ブラジルと石川に思い。東洋大のアルメイダ聖がプロ選手を目指すわけ。

2025.12.10

髪を短くしたアルメイダ聖[東洋大/LO](撮影:長尾亜紀)

 胸が高鳴って当然だ。

 東洋大ラグビー部1年のアルメイダ聖は、11月30日の関東大学リーグ戦1部の最終節に先発。同じLOのポジションで4年の栗原大地が万全でなかったのを受け、代役として今秋の公式戦のおける初陣を飾った。

 戦前まで初優勝の可能性も残して迎えた一戦で、ルーキーが初めてスターターを担う。その現実に身が引き締まった。

「緊張しました。いくら先輩の怪我(が起用理由)でも、このチャンスを絶対にものにしよう。きょうまで練習してきたことを発揮しよう。そう、思いました」

 後半ロスタイムまでプレーした。身長186センチ、体重110キロの堂々たる体格でタックル、モールで奮闘。前年度王者の大東大を34-12で下してリーグ戦を準優勝で終えると、もう次を見据えていた。
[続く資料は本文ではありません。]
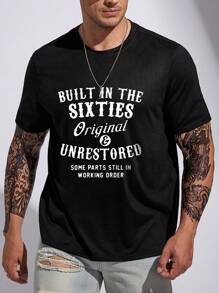 Manfinity Homme Áo thun & Áo lót Nam Slogan Giải trí - màu đen - Xem 3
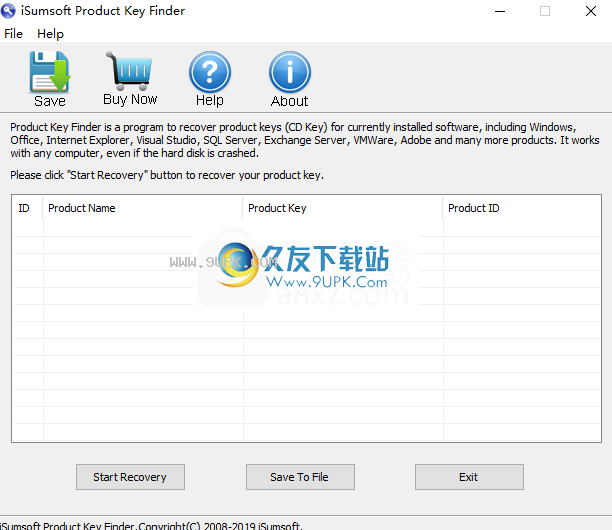 iSumsoftProductKeyFinder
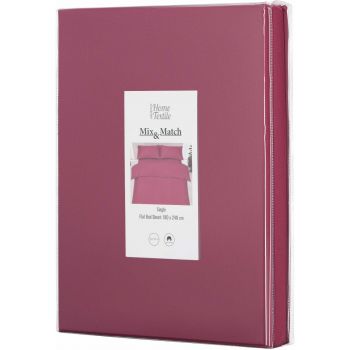 Простирадло ARDESTO Mix&Match, 180х240см, 100% бавовна, сатин, ягідний (ART1824FSR) | Фото 2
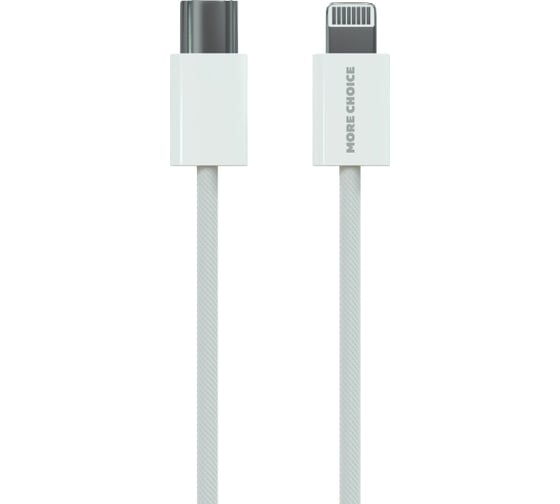 Дата-кабель More Choice USB 3.0A PD 20W для Lighting 8-pin Type-C K73i нейлон 1м White K73i 1м White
 試合直後に取材を受けていると、ちょうど視線の先に最上級生でFLの森山海宇オスティンがいるのに気づいた。

「この4年間でもっとフィジカルを強くして、オスティンさんみたいなビッグタックルのできる選手になりたいです」

 名前はきよし、と読む。ブラジルから仕事を求めて来日したジジェルさんが、愛知で作った家庭で生まれ育った。

 双子の光(ひかる)さんは、すでに社会へ出ている。埼玉の大学の寮に住む聖は、スポーツで人生を作るつもりだ。
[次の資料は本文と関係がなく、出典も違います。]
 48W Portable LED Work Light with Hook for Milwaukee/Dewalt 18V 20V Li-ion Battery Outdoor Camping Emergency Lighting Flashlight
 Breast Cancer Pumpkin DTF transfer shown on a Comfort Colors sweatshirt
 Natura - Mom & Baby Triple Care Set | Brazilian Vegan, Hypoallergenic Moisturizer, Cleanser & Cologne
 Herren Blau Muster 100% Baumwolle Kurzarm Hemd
 楕円球とは中学で出会った。当時から身体が大きかったため、周りに勧められて始めた。

 ただ、もともとはサッカー少年だ。世界有数の蹴球大国がルーツの父は、競技転向に難色を示していたよう。息子は父に、ラグビー選手が大怪我をする動画を何度も見せられた。

「こうなりたいのか、お前は?って」

 時間が経てば、熱心に応援されるようになった。家族に支えのもと進歩し、スポーツ推薦で日本航空石川高、いまの東洋大の門を叩くこととなり、行く先々で学費や寮費の支払いを考慮してもらっている。その、意味をかみしめる。

「本当は大学に行く予定はなくて、働こうと思っていたのですけど。周りのおかげで成長できている。自分のひとりの力ではなく、お父さん、お母さん、高校、大学の監督のおかげでいまがあります」

 高校2年時に能登半島沖地震を経験した。寮は壊れ、地面から浮き上がった体育館が避難者の拠点になった。全国大会の常連だったラグビー部は、アルメイダ曰く「僕がもともといた中学校や、愛知にある大学で練習させてもらいました」。さらには…。
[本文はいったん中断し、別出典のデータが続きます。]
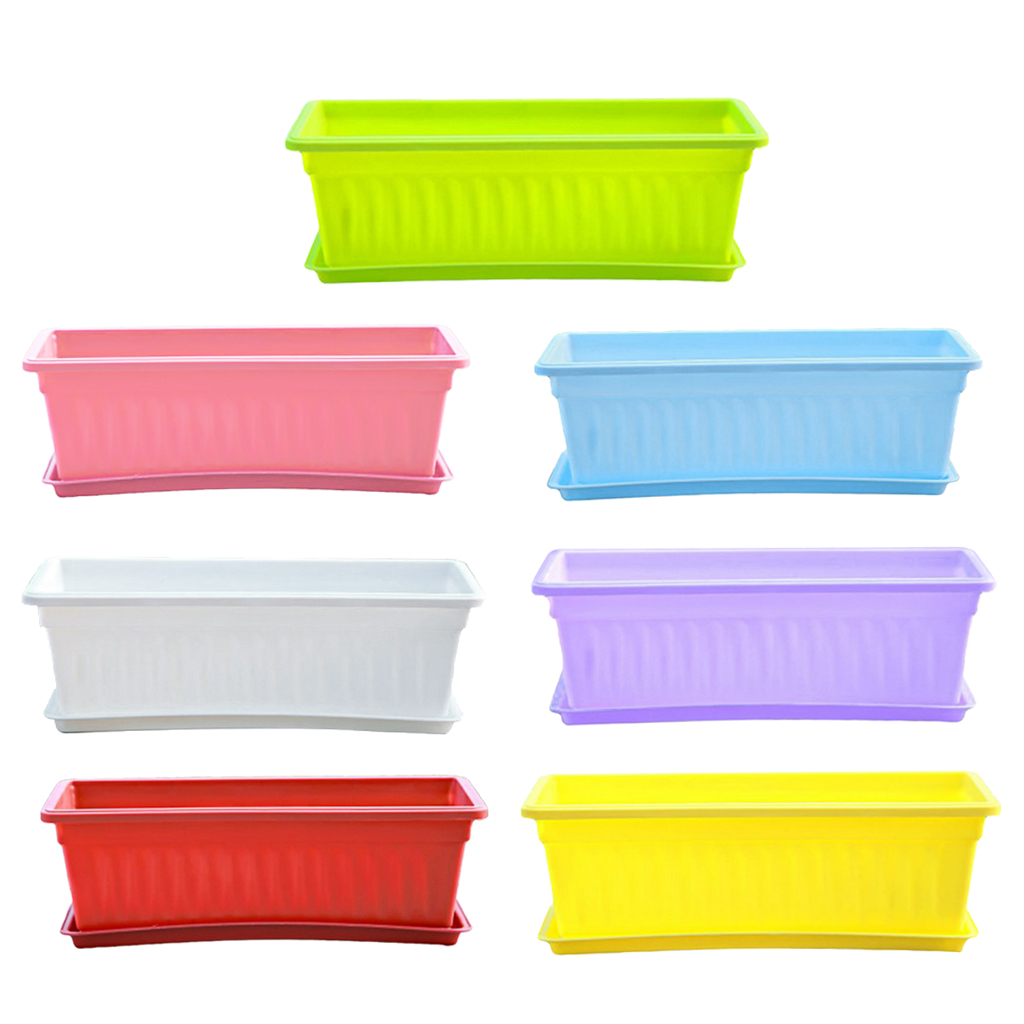 7 Types Resin Succulent Pot Planter with Tray Desk Decoration Rectangular Garden Herb Trough Box Office Decoration Home Decor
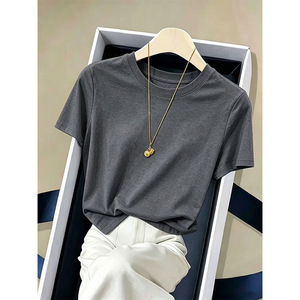 <span class=keywords><strong>Camiseta</strong></span> de Algodón Premium para <span class=keywords><strong>Mujer</strong></span>, Cuello Redondo, Manga Corta, Corte Ajustado, Color Sólido, Básica, Personalizable, Venta al Por Mayor - Product Image 5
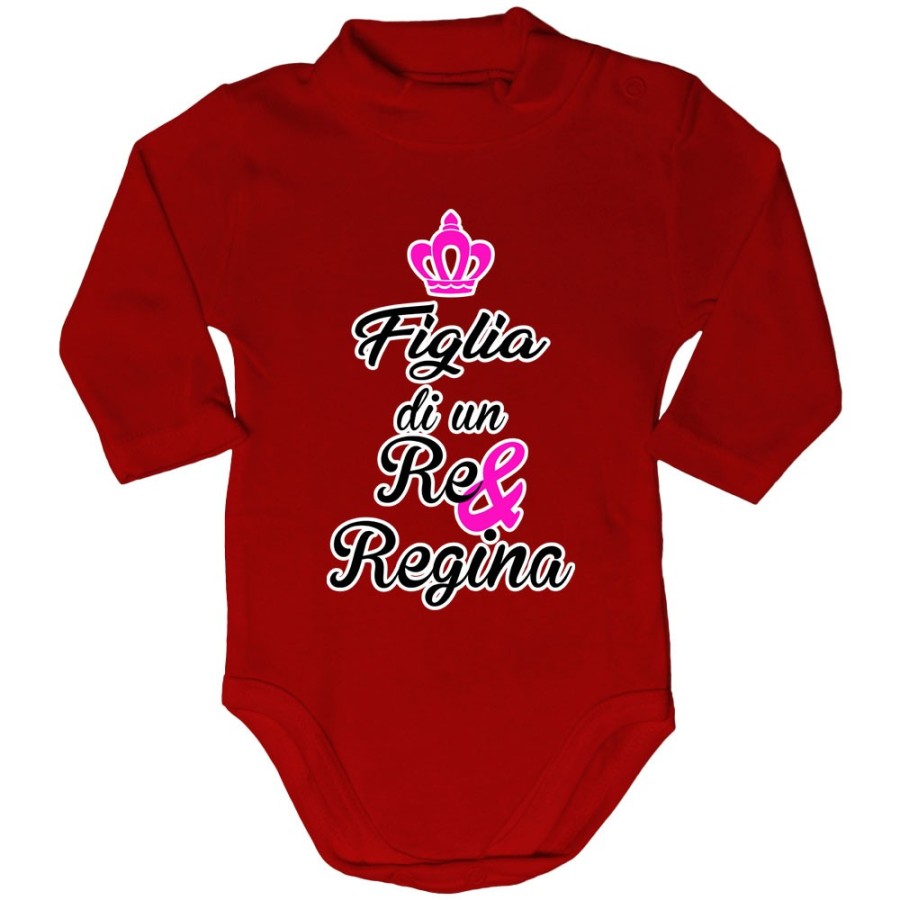 Body lupetto neonato figlio figlia di un re e di una regina con corona azzurra fucsia Per la famiglia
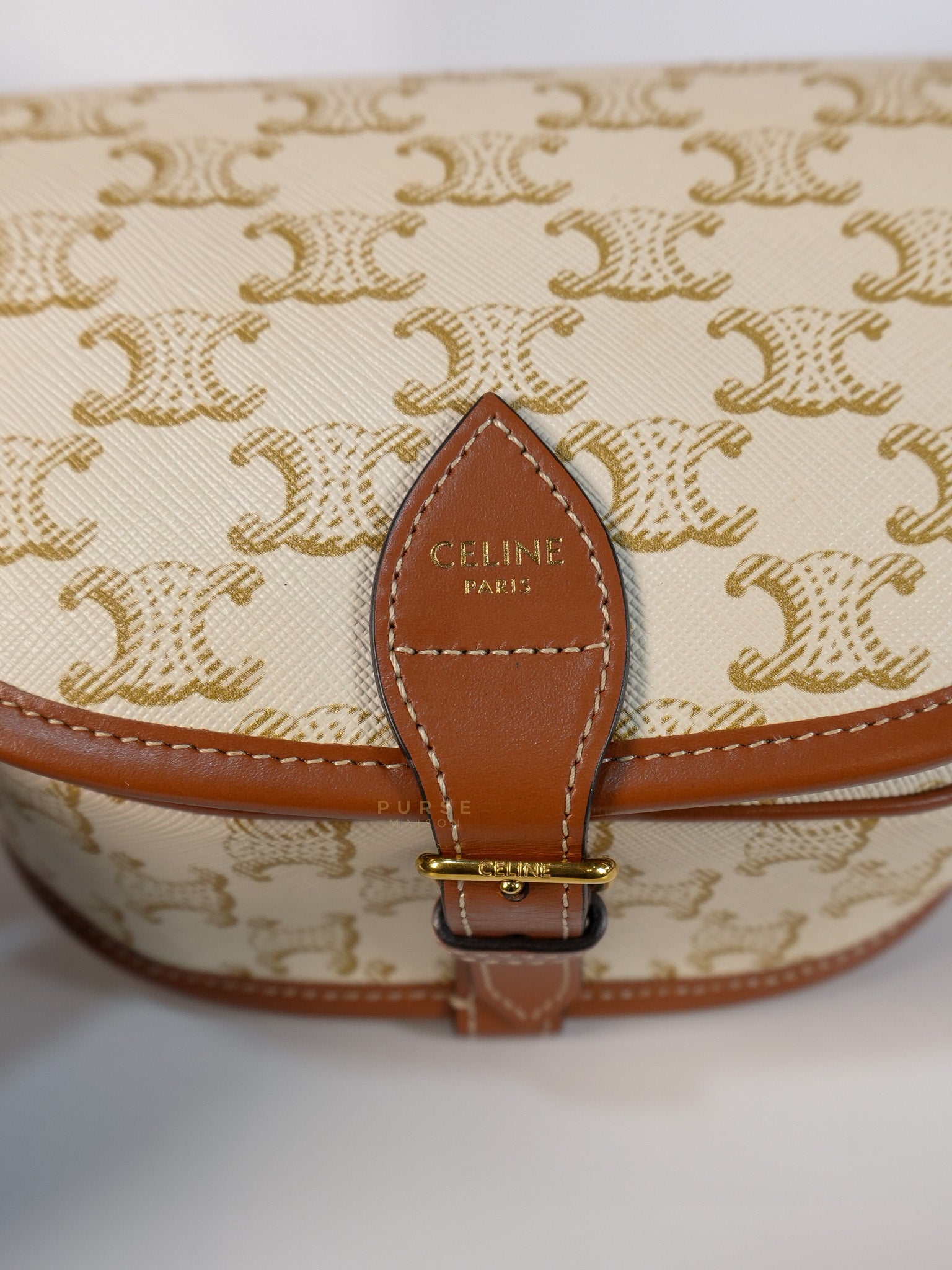 Folco Medium in Triomphe Canvas White Calfskin Leather | Purse Maison Luxury Bags Shop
「校外学習で朝市へ行ったのですが、そこも火事で更地になって…。通っている学校が被災するなんて…。本当にショックでした」

 ここで芽生えたのは、アスリートとしての大義だった。

「(今後は)プロを目指すのが第一です。また、被災地の皆に恩返しがしたい。お世話になった人に見てもらえるところでプレーしたいです」

 チームは12月14日、秩父宮で大学選手権3回戦に挑む。4連覇中の帝京大へ挑む。他者があって自分があるとわかる青年は、この大一番でジャージーを着られるだろうか。